▸ Assignment
For this exercise, repeat exactly the lines below starting at the line holding "2 копейки 1827 года" and ending at the line holding "iPhone 8, 64 ГБ", both included, with no extra lines and no pictures.

▸ Provided data
****

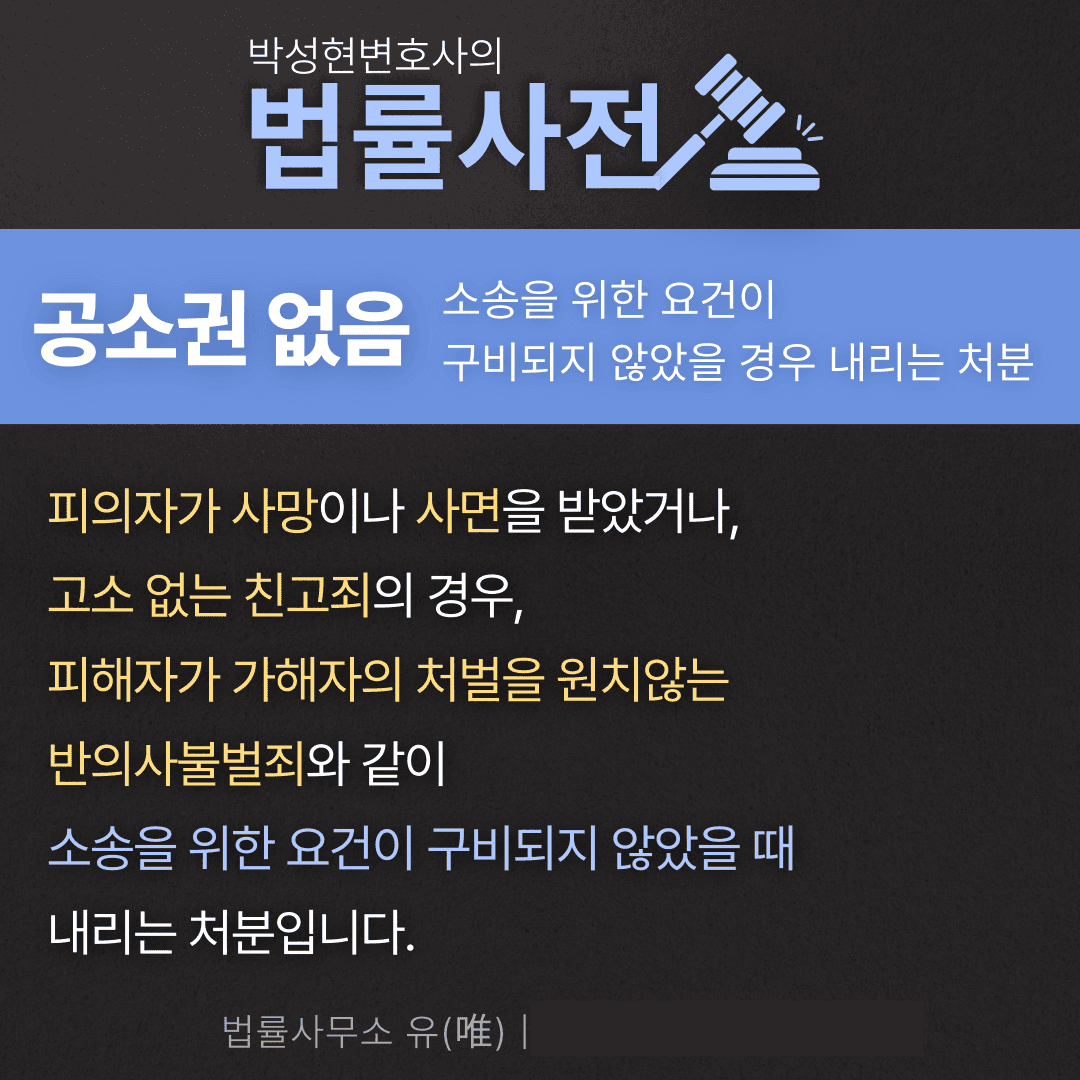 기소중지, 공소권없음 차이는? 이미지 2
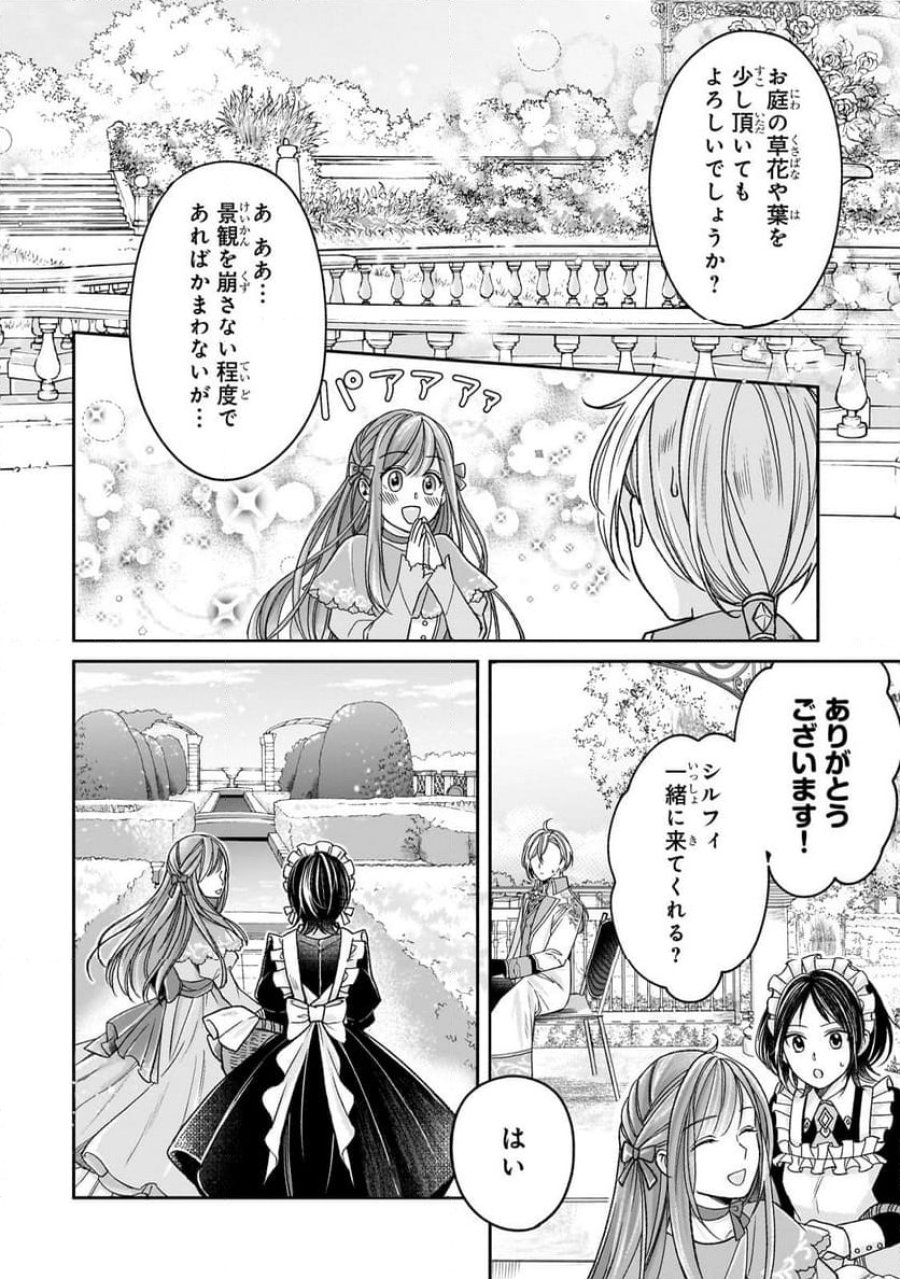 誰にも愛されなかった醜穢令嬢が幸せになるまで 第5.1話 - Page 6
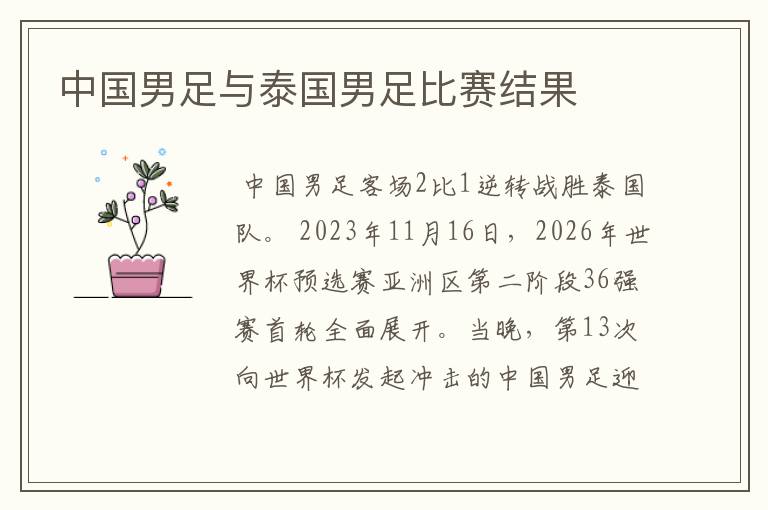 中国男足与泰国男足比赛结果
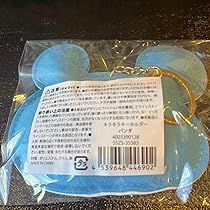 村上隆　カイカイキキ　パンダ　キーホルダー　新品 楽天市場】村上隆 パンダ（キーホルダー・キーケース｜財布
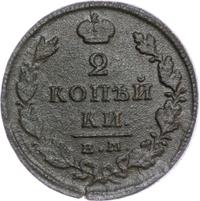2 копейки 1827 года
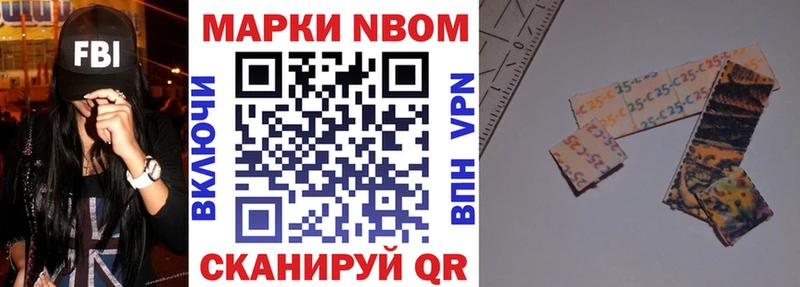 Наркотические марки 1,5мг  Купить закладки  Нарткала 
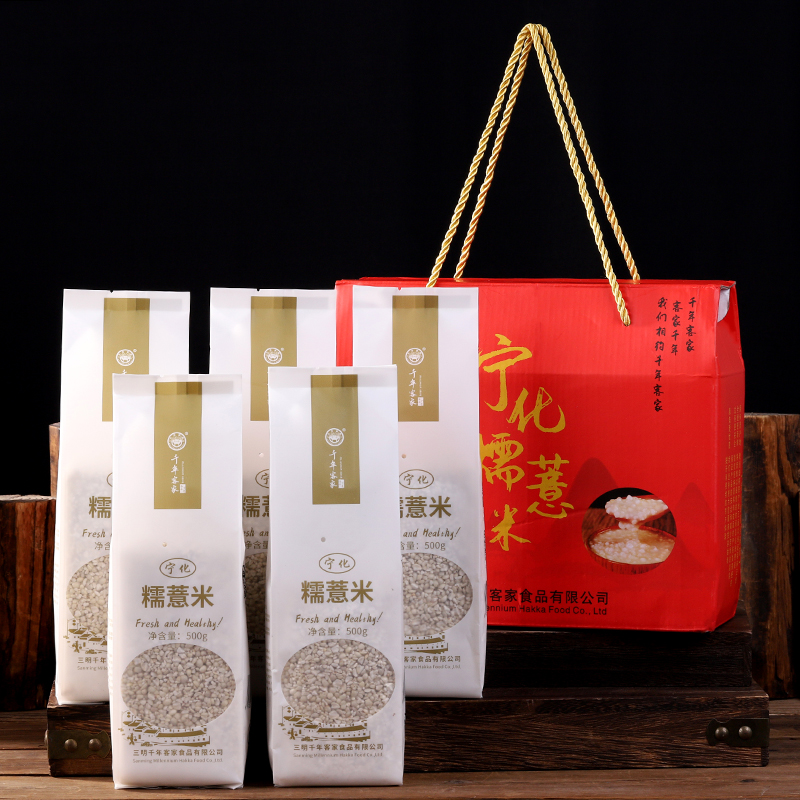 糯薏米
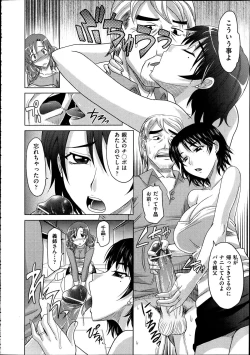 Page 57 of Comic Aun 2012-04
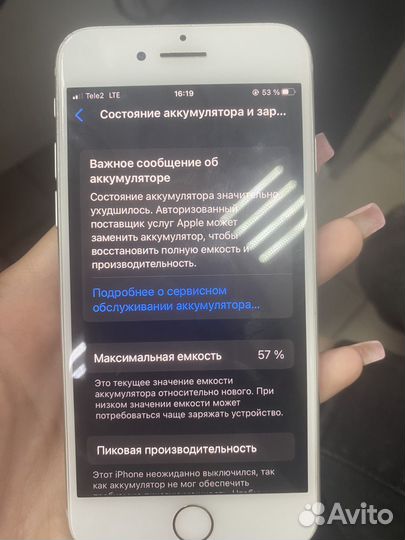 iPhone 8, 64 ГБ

****

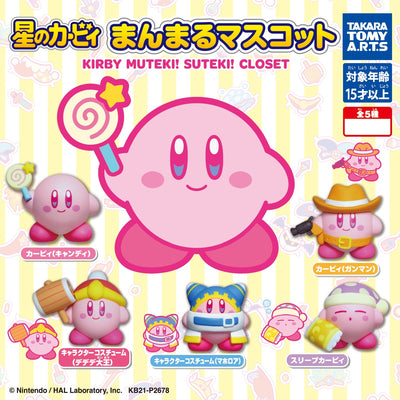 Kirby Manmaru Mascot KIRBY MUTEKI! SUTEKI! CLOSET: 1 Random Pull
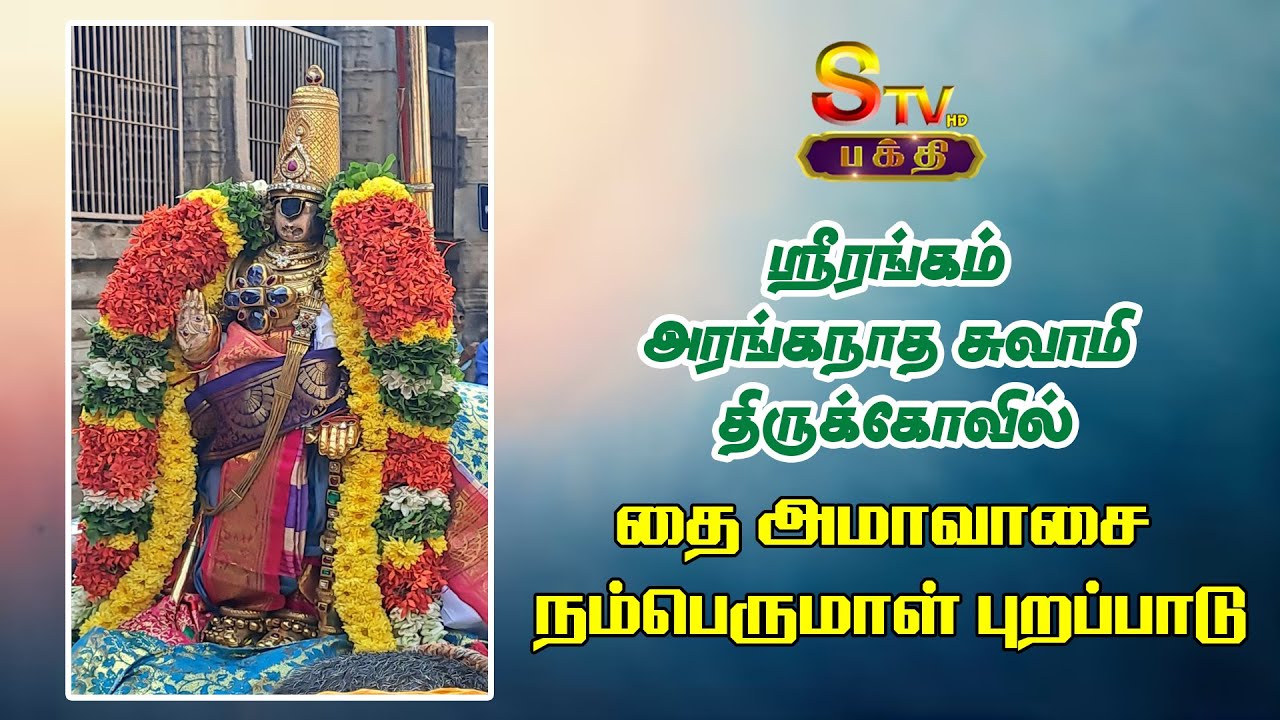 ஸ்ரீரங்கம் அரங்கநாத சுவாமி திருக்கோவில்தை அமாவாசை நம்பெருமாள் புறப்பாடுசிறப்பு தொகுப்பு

****

▸ Exercise solution
2 копейки 1827 года
 Наркотические марки 1,5мг  Купить закладки  Нарткала 
 糯薏米
 Page 57 of Comic Aun 2012-04
 iPhone 8, 64 ГБ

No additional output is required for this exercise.